How Immersive Theater Changed Entertainment Forever

by Awl Sponsors

This is the first in a three-part series about the history of interactive theater, presented by Heineken. We’ll be rolling out the second and third installments next week right here on The Awl. Make sure to check in next Monday and Friday for more content to satisfy your historical curiosity.

Last month Heineken pulled off an epic experience for some unsuspecting New Yorkers when they invited them to an interactive theater production, “The Guest of Honor,” that invited them to become stars of the show. Check this video out to see how it went down.
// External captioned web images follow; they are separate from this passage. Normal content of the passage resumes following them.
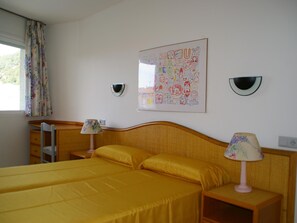 2 slaapkamers, een strijkplank/strijkijzer, internet, beddengoed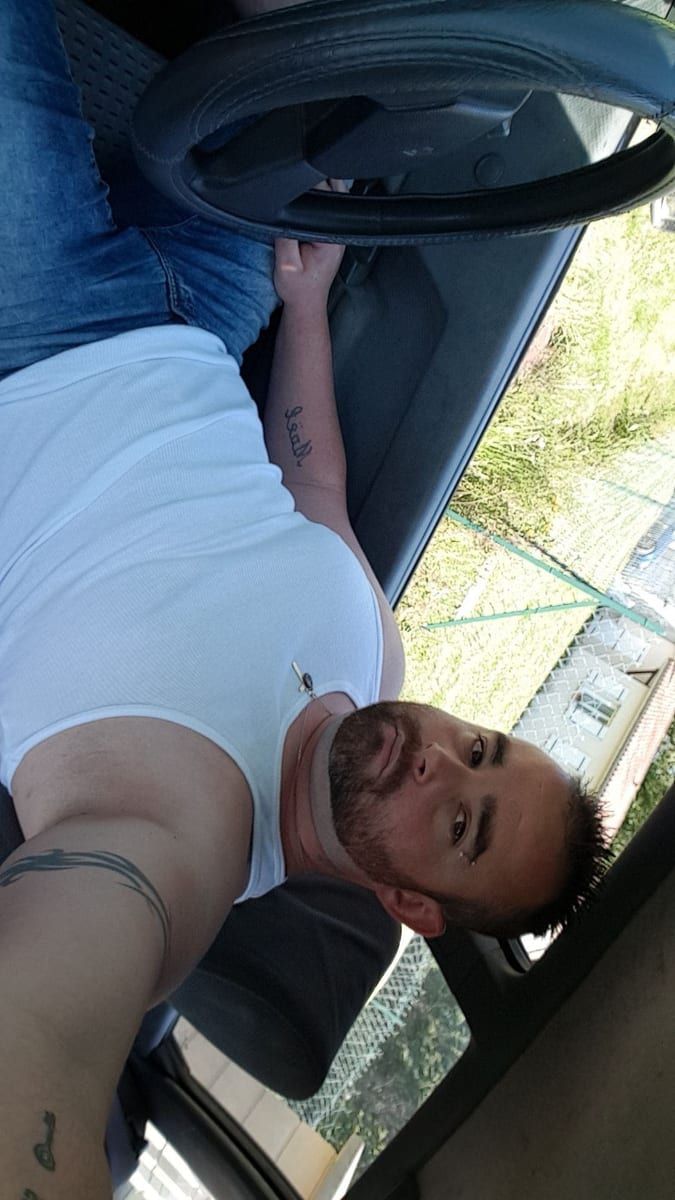 Sevag - Rencontre gay à Estavayer-le-Lac Profil de Sevag, 42 ans, Rencontre gay à Estavayer-le-Lac (Fribourg)
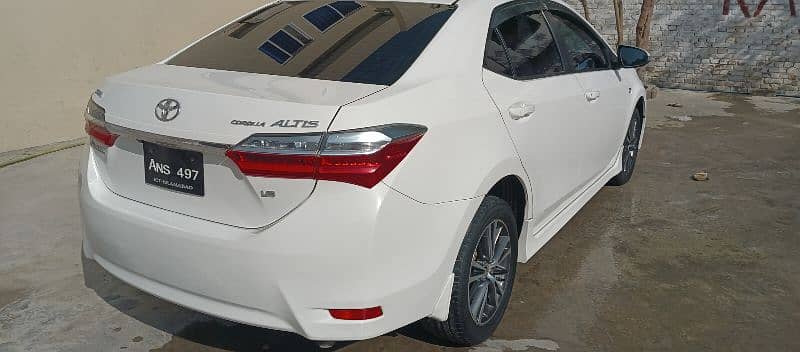 Toyota Corolla Altis 2019 16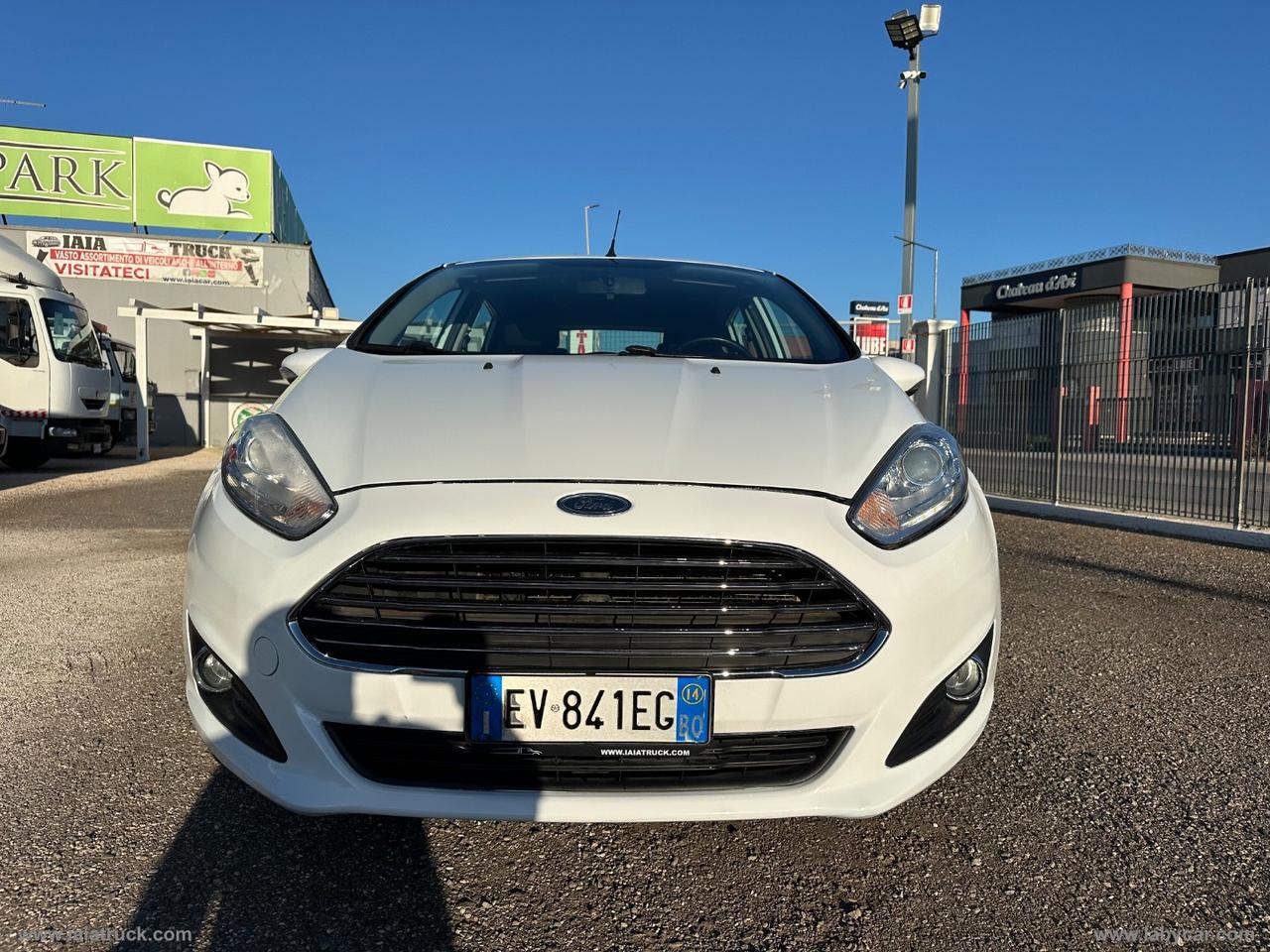 FORD Fiesta 1.5 TDCi 75 CV 5p. Titanium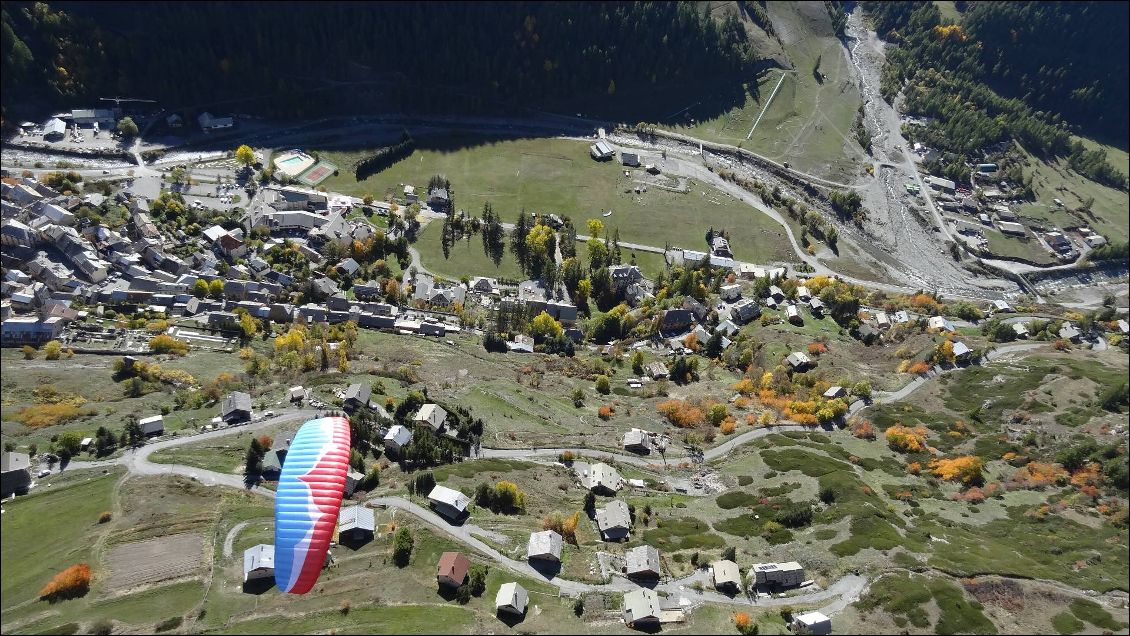 Le village d'Aiguilles avec un accueillant grand champ pour atterrir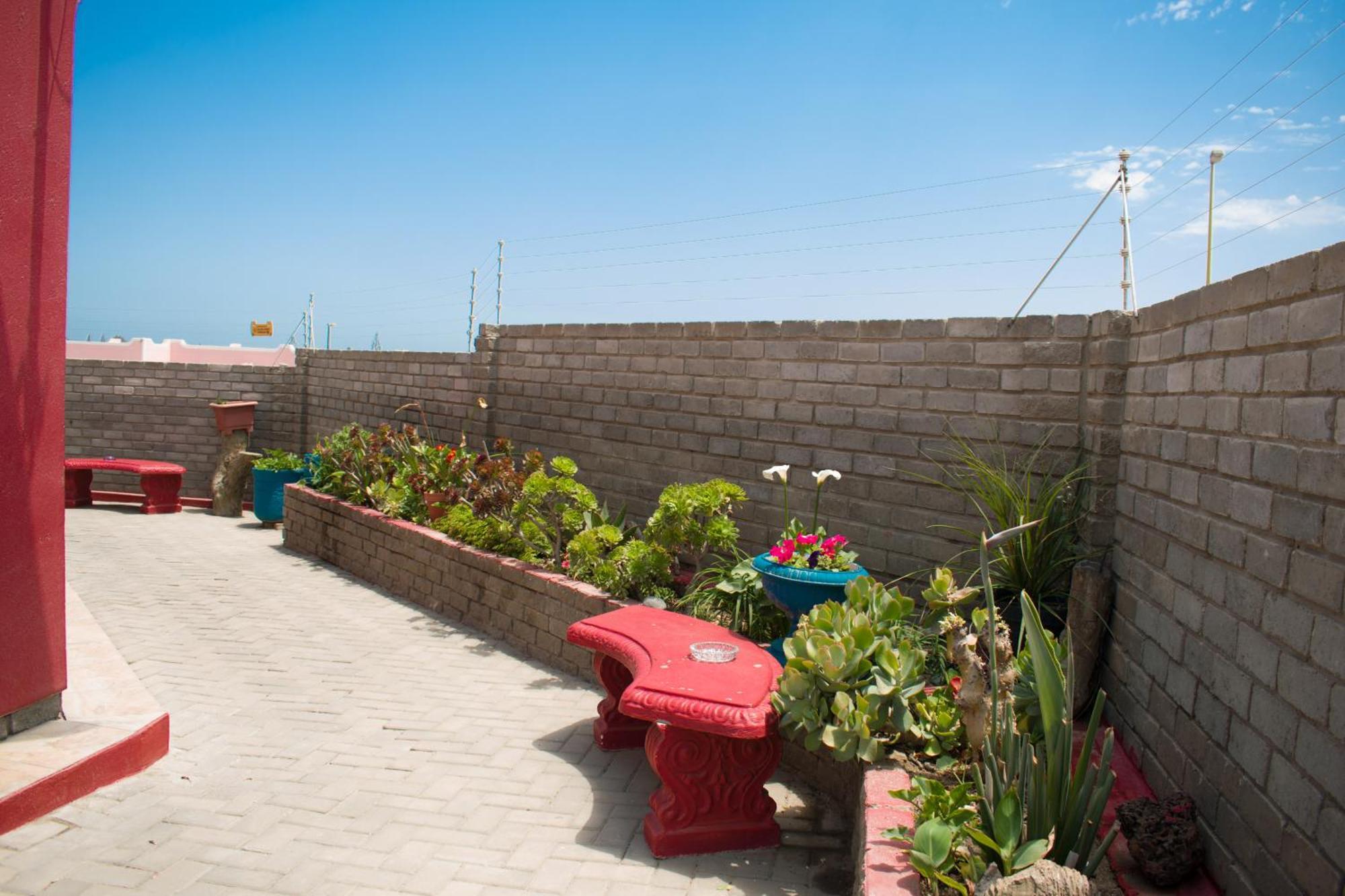 Tina'S Bed And Breakfast Swakopmund Eksteriør billede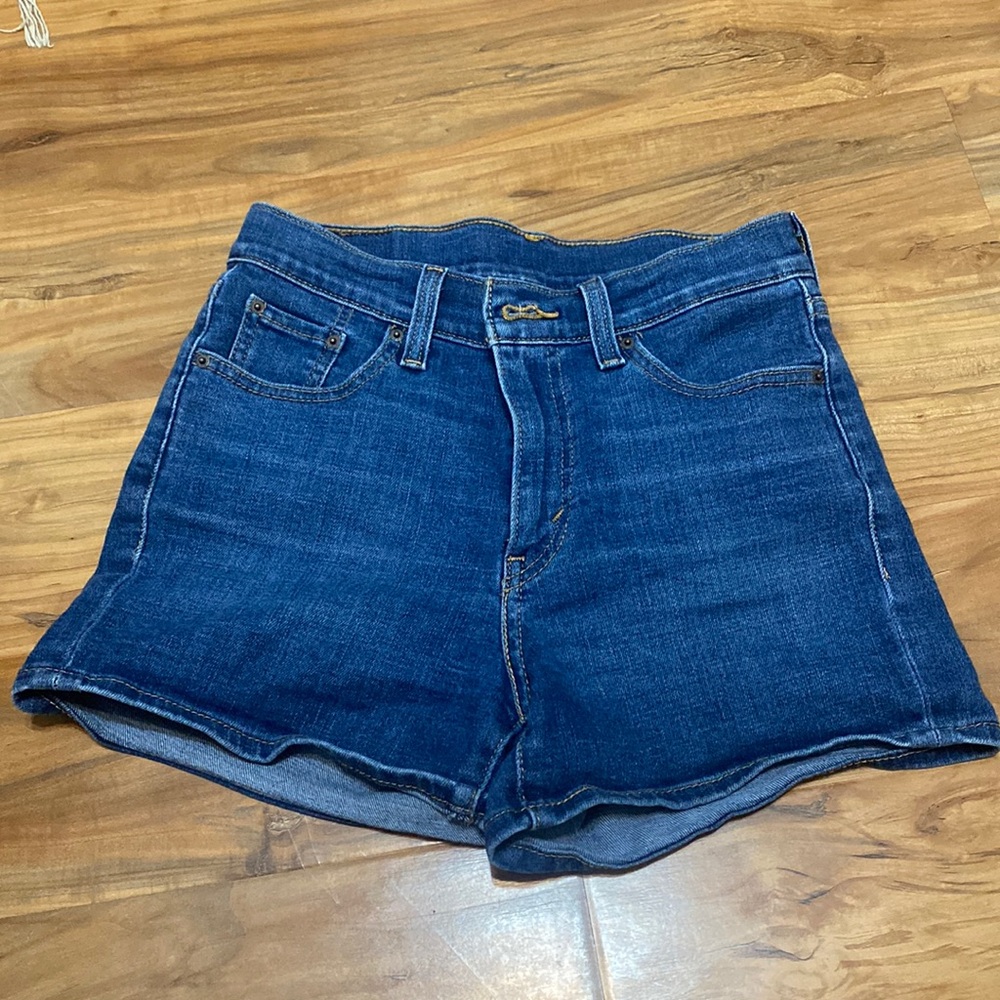 High Waisted Levi Dark Denim Shorts Size 26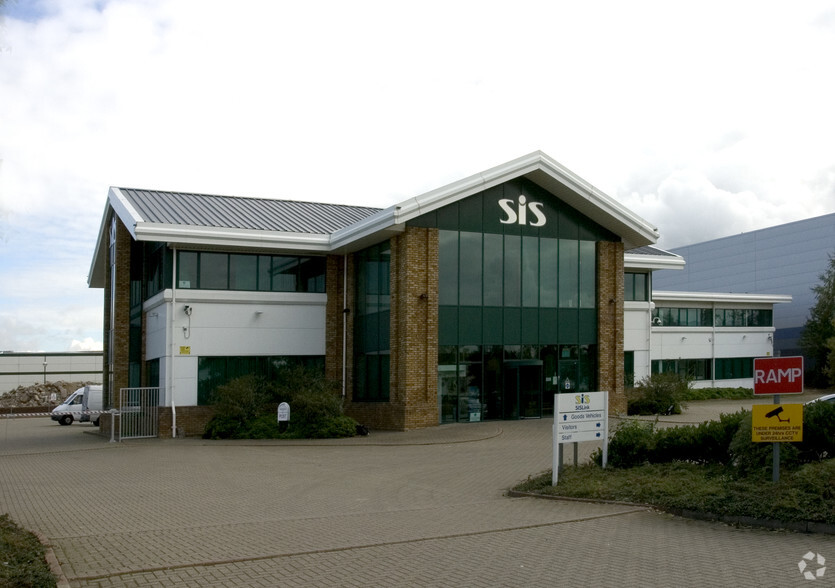 9-12 Canons Rd, Milton Keynes for lease - Building Photo - Image 2 of 13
Cool, huh? As it happens, this groundbreaking form of entertainment has a rich history. In this series brought to you by Heineken, we’re exploring a burgeoning art form that encourages audiences to be actors, not spectators. In this installment we’re learning about the early roots of interactive theater.

The delineation between audience and performer has been blurry since the dawn of entertainment, with early man’s shamans reaching heightened states of consciousness alongside an audience of actors. Evidence of this activity has been discovered all over the world, in every tribe and tongue, which says something about the universality of participatory theater.

Typically a shaman would go into a trance or some other divine mode of being, providing them with a unique link to an alternate world. The audience asks for rain, for a harvest, a healing or a birth. The shaman interacts with the spirit world, and in turn the shaman interacts with the audience. The entire village was more than just spectators in these proceedings — they were also actors. It was a way for a tribe to come together to experience something as one.

Here we have the origins of call-and-response, a musical form wherein a leader calls out a command or asks a question and an audience replies with an affirmation or a contradiction. This ancient form of entertainment draws the spectator in and asks him or her to play a role in the performance. We see call and response throughout history in the drum circles and tribal religions across the globe. Throughout the modern era we see call-and-response in military formations, line dances, and the spirituals of the American South. Each of these forms put a new spin on interactive theater, which brings us up to the 20th Century.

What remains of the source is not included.